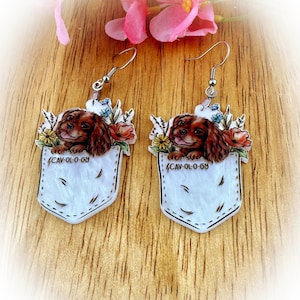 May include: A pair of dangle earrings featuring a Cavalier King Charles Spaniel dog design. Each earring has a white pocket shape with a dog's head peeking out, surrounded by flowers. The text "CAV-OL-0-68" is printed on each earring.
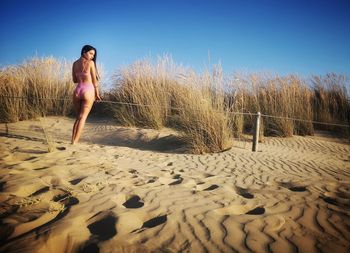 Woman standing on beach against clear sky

==

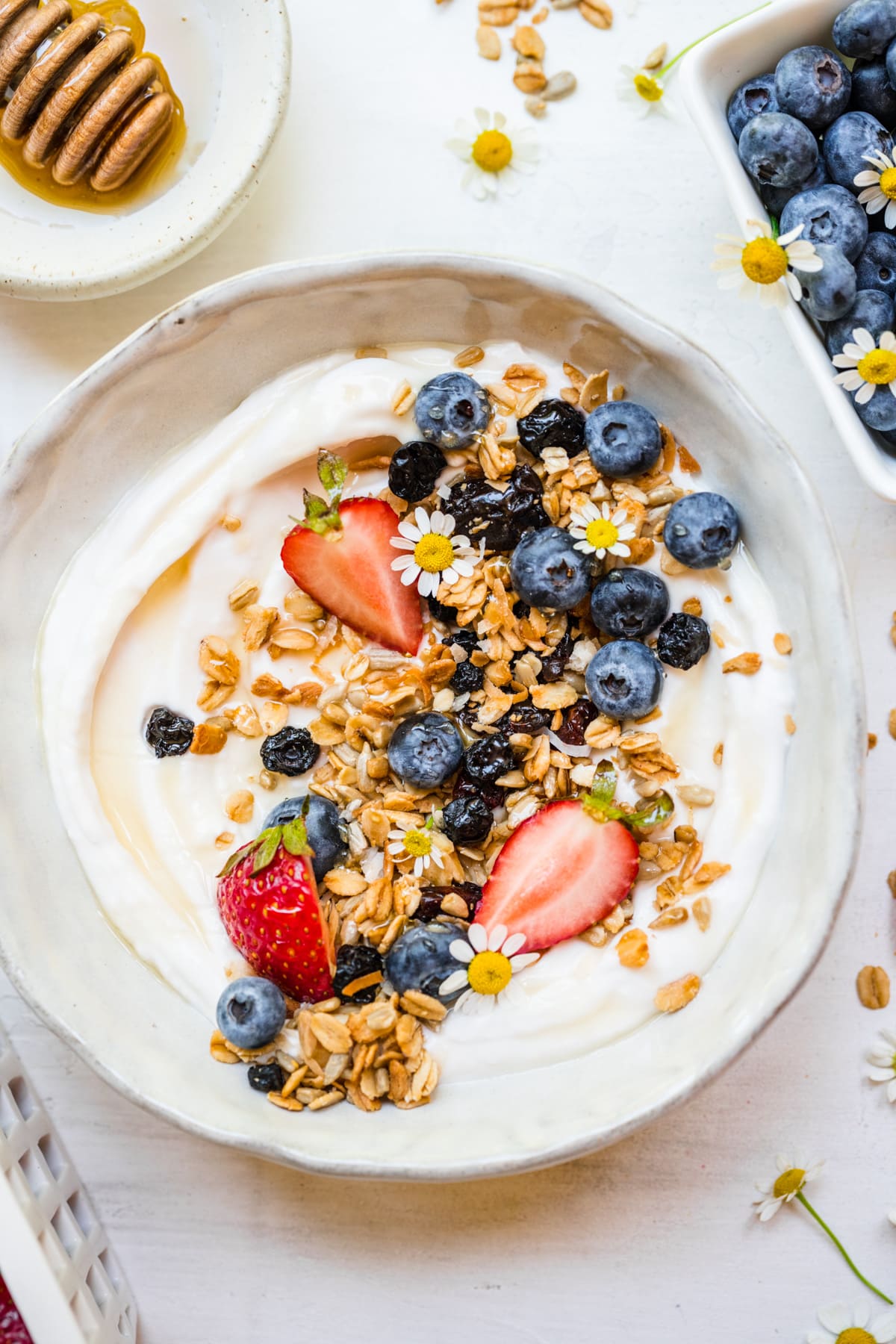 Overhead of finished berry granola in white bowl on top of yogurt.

● About this task: Among the entries above, take the lines from the one with "May include: A" through the one with "Woman standing on beach against clear sky" and retype them exactly, leaving out the pictures.

● Result of the task:
 May include: A pair of dangle earrings featuring a Cavalier King Charles Spaniel dog design. Each earring has a white pocket shape with a dog's head peeking out, surrounded by flowers. The text "CAV-OL-0-68" is printed on each earring.
 Woman standing on beach against clear sky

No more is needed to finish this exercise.